Yes, this will be a value-laden political point. I’ll get back to the Argument from Reason in my next post. For the time being, let me talk about the leader of the free world, Donald Trump. The point I want to make today revolves around the fact that his re-election campaign team have just paid over $400,000 for airtime in pro-Trump ad spots in the Washington area, primarily on FOX (though also including, to a lesser extent, MSNBC and CNN).

Let’s get some context: Washington has never voted for a Republican President, and Maryland hasn’t since 1988. These are blue, blue states. This money is absolutely wasted, particularly right now, in trying to convince voters in the area to vote for him.

So why use up this valuable campaign budget? (Though it must also be said that he has a massive war chest to dip into.)

The answer pretty much sums up much of what is wrong with US politics right now: to assuage the anxieties and comfort  the fragile ego of the toddler-in-chief.
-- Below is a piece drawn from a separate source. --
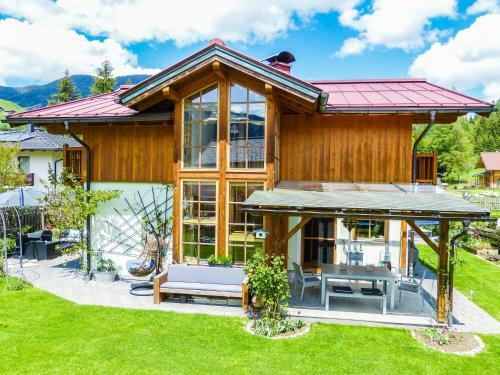 Apartamento Appartement Bergverliebt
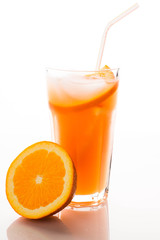 Orange juice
Trump spends an inordinate amount of time watching TV (rather than running the country). Reports going back three years claim he watches anywhere up to eight hours a day. This report claims he watches, in lockdown, seven hours before getting to the White House late. This underwrites his obsession with mainstream media. He is glued to it. for half the waking day.

Rather than appealing to voters, Trump’s campaign team is appealing directly to Trump himself, hoping that he will see these ads and feel good about himself amidst a sea of negative polling reports and terrible news days, dumpster fires of political ineptitude.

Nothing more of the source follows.